Les professionnels de la justice juvénile s’opposent à un durcissement des peines en Suisse
Le Conseil national suisse a récemment soutenu une motion visant à renforcer les sanctions à l’égard des mineurs, soulevant de vives inquiétudes parmi les spécialistes du droit pénal des mineurs. Cette motion, déposée par Nina Fehr Düsel (UDC/ZH), propose d’augmenter les peines maximales pour les jeunes délinquants, notamment en portant de 1 à 2 ans la peine pour les jeunes de 15 ans, et de 4 à 6 ans pour ceux de 16 ans et plus. De plus, elle privilégie la peine privative de liberté sur le placement éducatif pour les jeunes jugés particulièrement rebelles et permet de juger les auteurs d’infractions graves selon le droit pénal des adultes.

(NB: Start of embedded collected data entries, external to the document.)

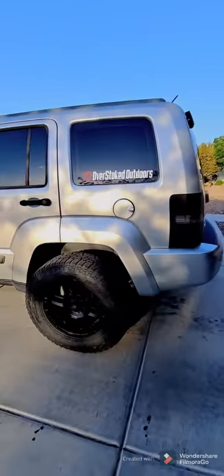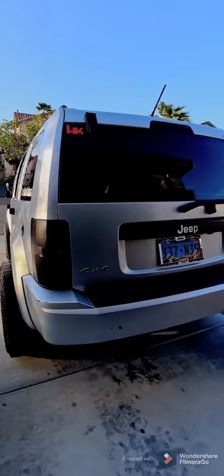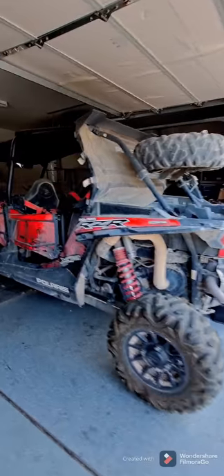On the way is the trailer hitch and the spare tire carrier, so we can get this thing out and get some more action coming for the channel. Got a couple more toys over there — stay tuned.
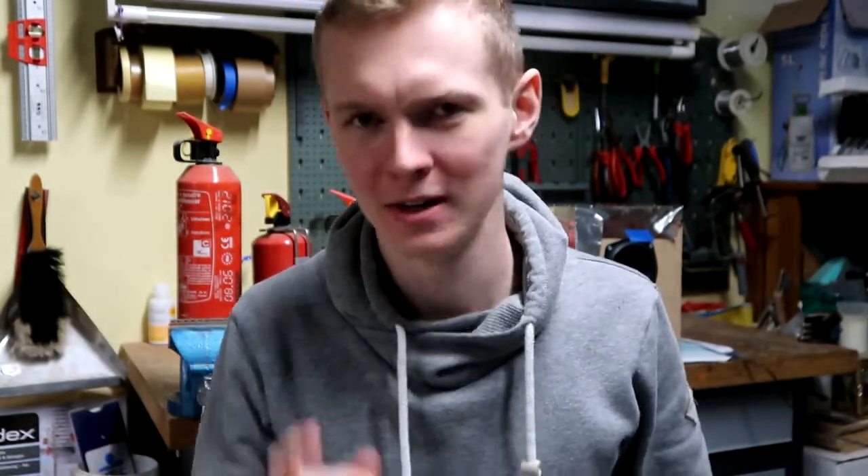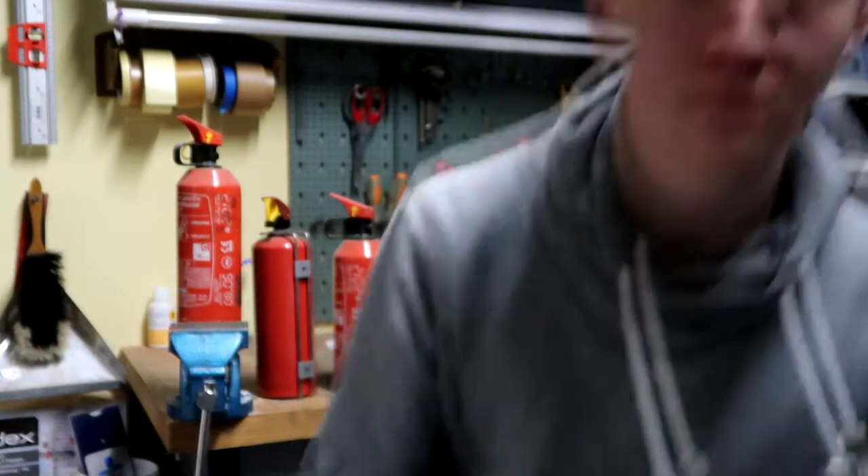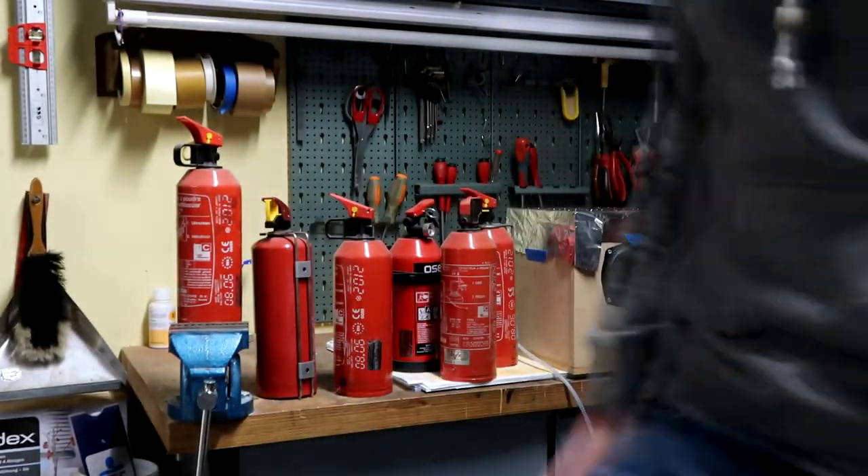I'm here in my garage, and today we're going to talk about a speaker I built. It's a very special speaker — you'll see why. First of all, don't try this at home. I've got some safety gear here, like a fire extinguisher — or a few of them. I'm a professional speaker builder, so I know what I'm doing. At least I hope so.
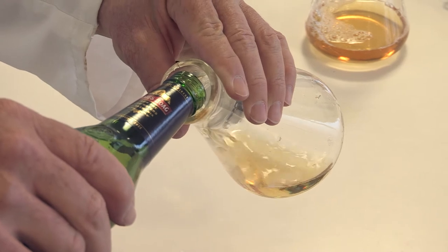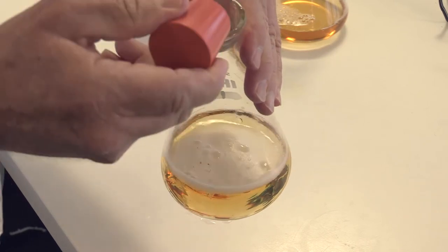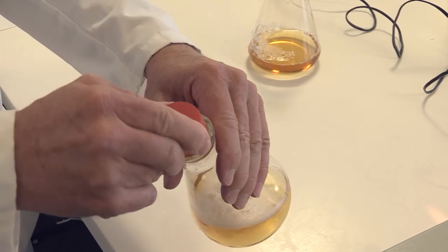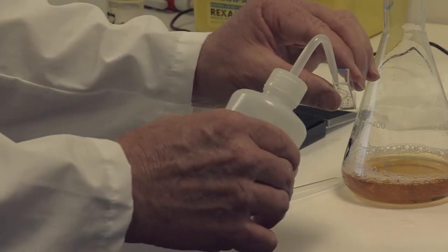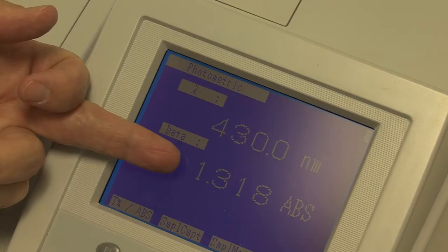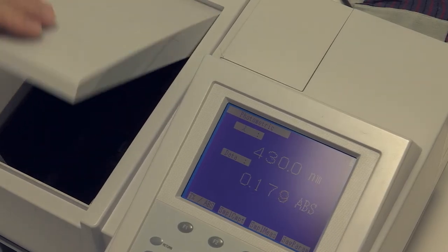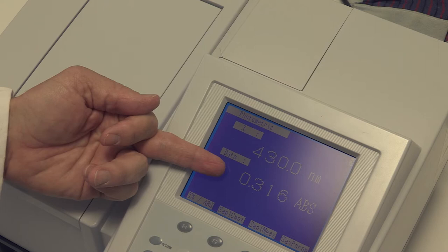The first part of measuring the colour is again the sample preparation as discussed previously. Once the sample is prepared it may need to be diluted so it can be measured. The maximum EBC units that a sample can have using a spectrophotometer is about 20. Firstly a sample of water is placed in the cuvette, the wavelength is set to 430 nanometres, and the spectrophotometer is zeroed. Then the beer sample is placed in the cuvette and its absorbance read and recorded. The absorbance should ideally be in the range from 0.1 to 0.8 for the most accurate results.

Ce durcissement fait suite à l’introduction, en 2024, d’une me d’internement pour les jeunes ayant commis des crimes graves, tels que des homicides, après l’âge de 16 ans, et présentant un risque élevé de récidive à l’issue de leur peine. Les professionnels du droit, tels que Jonathan Rutschmann, avocat et chargé de cours en droit pénal des mineurs, expriment leur préoccupation quant à cette tendance à criminaliser davantage les jeunes.
Les Chambres fédérales semblent de plus en plus sensibles à la délinquance juvénile, ce qui pourrait entraîner un changement significatif dans la manière dont la justice traite les mineurs. La motion est désormais examinée par le Conseil des États, et les débats à venir pourraient influencer le futur de la justice juvénile en Suisse.